Multimedia CapabilitiesThe new multimedia phone also features Verizon's V Cast technology, with full music, video and game capabilities, to exploit the popularity of digital media.
The V Cast service is available to more than 150 million Americans. It allows customers to view video clips of entertainment, news, sports and more. The subscription-based service cost US$15. Unlimited basic video clips are included, but application download fees apply for 3D games, music and premium video.
Beyond the MP3 type functions, the 3.2-megapixel digital camera includes a flash, auto focus, picture editor, PictBridge Digital Printing, Zoom, TV-out and 180-degree swivel screen. It also includes a camcorder with up to one hour of recording time.

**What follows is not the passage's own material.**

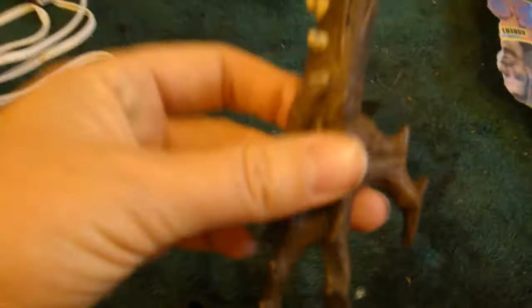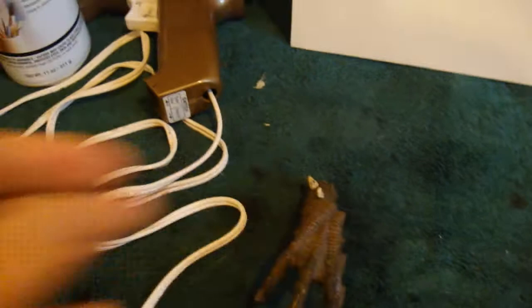Here's his hands — these are spawn hands. I'm going to go ahead and use them because they're more durable than what I could make out of Super Sculpey. Here's the head. He's going to be cool once I get him done.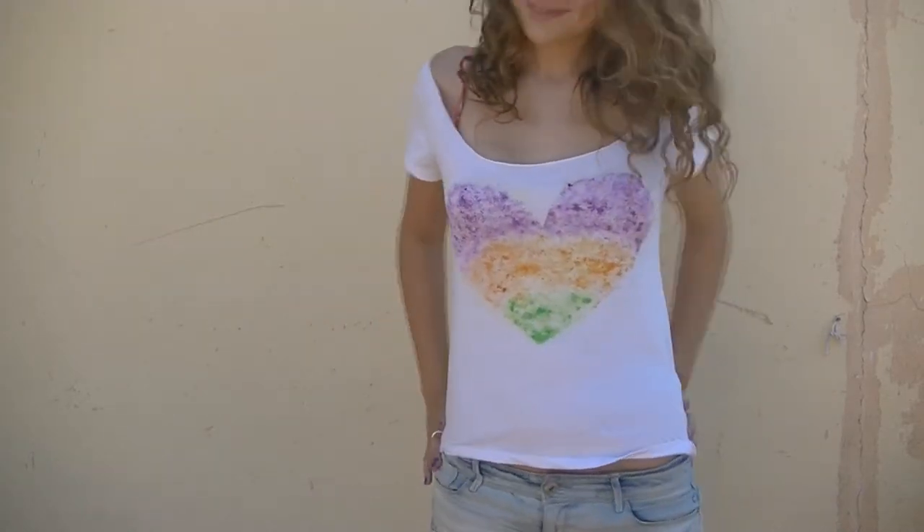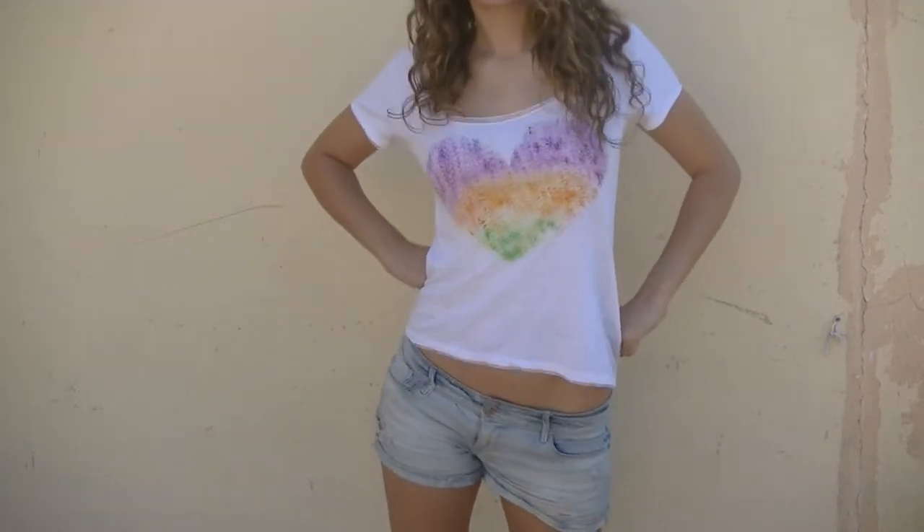In today's video, I'm going to show you how to personalize your T-shirts using wax crayons.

Like most new-generation phones, the phone rounds out its feature set with a personal organizer with calendar, calculator, to-do list, currency converter, alarm clock, world time and a sto watch.
Navigating Competitive Advantages
For all the phone's multimedia features, analysts point to the Verizon Wireless' VZ Navigator, a tool for customers that includes mapping, audible turn-by-turn navigation and the ability to find over 14 million points of interest, as a competitive differentiator for Verizon.
"Even though it's an expensive phone there is a market out there for these enhanced capabilities, particularly the navigation. The navigation feature can cost you $500 or more if you were to simply buy a navigation unit," Inside Digital Media Senior Analyst Phil Leigh told TechNewsWorld.
Leigh pointed to a company called TomTom, which peddles GPS-based portable navigation units for automobiles with a price tag of $500.
At $350 with a $50 mail-in rebate from Verizon, the new phone could be attractive to travelers who are doing business in growing or unfamiliar territories, Leigh said.
"Of course, it all depends on how well the navigator works. If the navigation system does not work well then it is not worth much, but if it works as well as TomTom then it's a good feature to have integrated," Leigh noted.